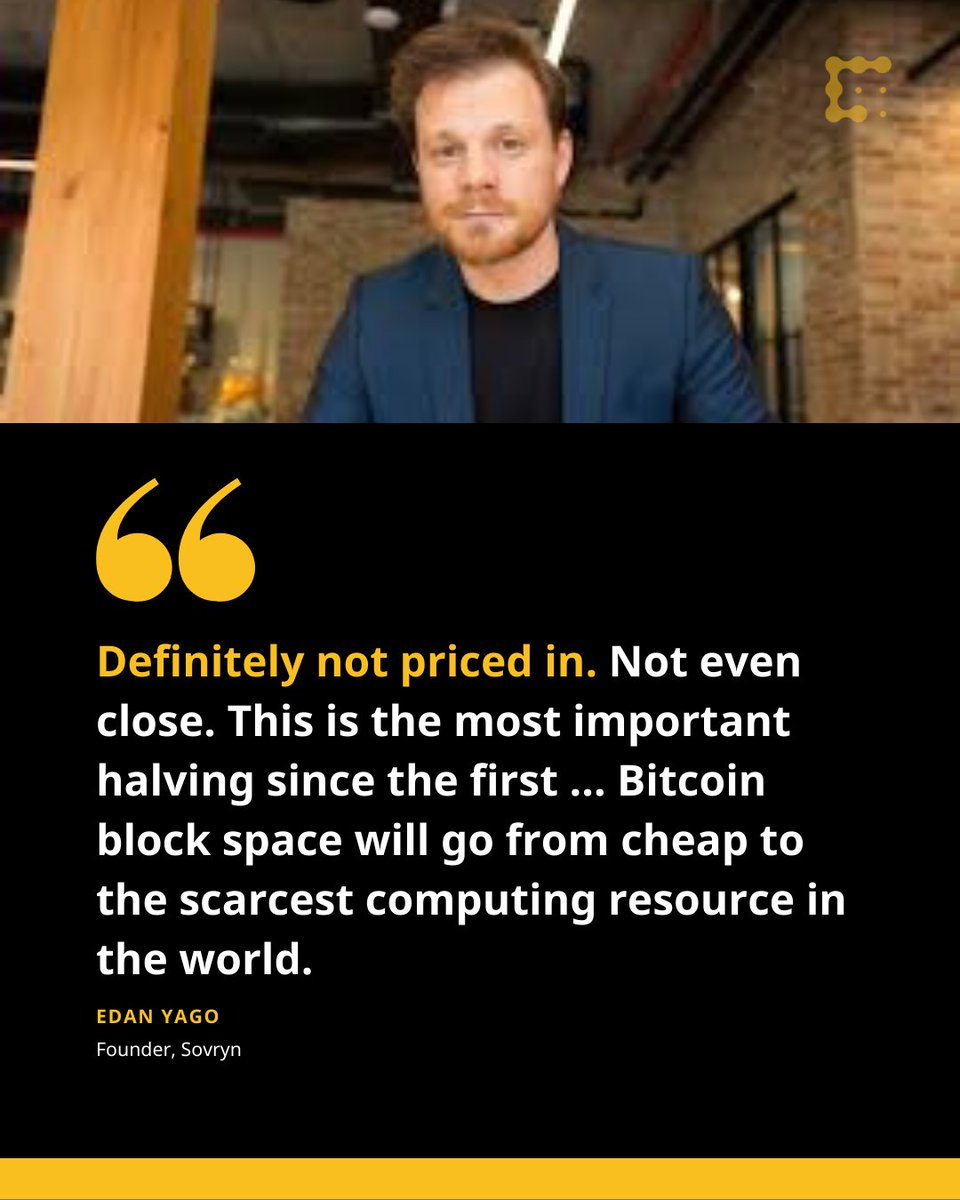 CoinDesk's tweet image. With an event as anticipated as the #Bitcoin halving there are certainly things to argue over.

Is it priced in? Will reduced revenues drive miners bankrupt? Will this time be different?

We asked the crypto community their opinion. #FutureofBitcoin 👇coindesk.com/consensus-maga…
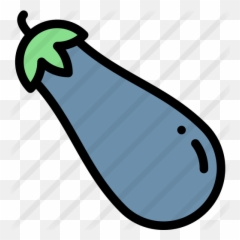 Eggplant - Free Food And Restaurant Icons Clip Art Png,Eggplant Transparent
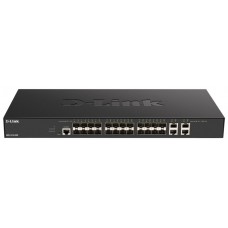 SWITCH GESTIONABLE L2 D-LINK DXS-1210-28S 24P SFP+ en Huesoi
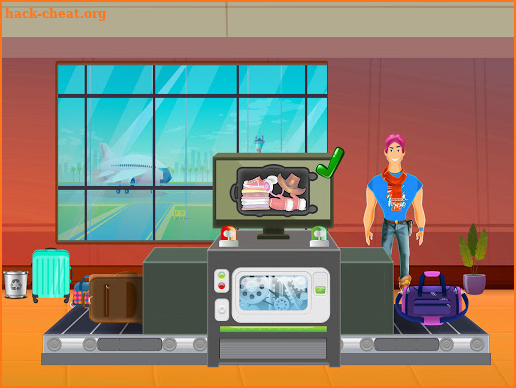 Pretend In Town Airport screenshot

■ ■ ■ ■ ■

[What to work on]:
Give back every entry in full, exactly as written, with no picture included.

[Solution to the problem]:
 CoinDesk's tweet image. With an event as anticipated as the #Bitcoin halving there are certainly things to argue over.

Is it priced in? Will reduced revenues drive miners bankrupt? Will this time be different?

We asked the crypto community their opinion. #FutureofBitcoin 👇coindesk.com/consensus-maga…
 Eggplant - Free Food And Restaurant Icons Clip Art Png,Eggplant Transparent
 SWITCH GESTIONABLE L2 D-LINK DXS-1210-28S 24P SFP+ en Huesoi
 Pretend In Town Airport screenshot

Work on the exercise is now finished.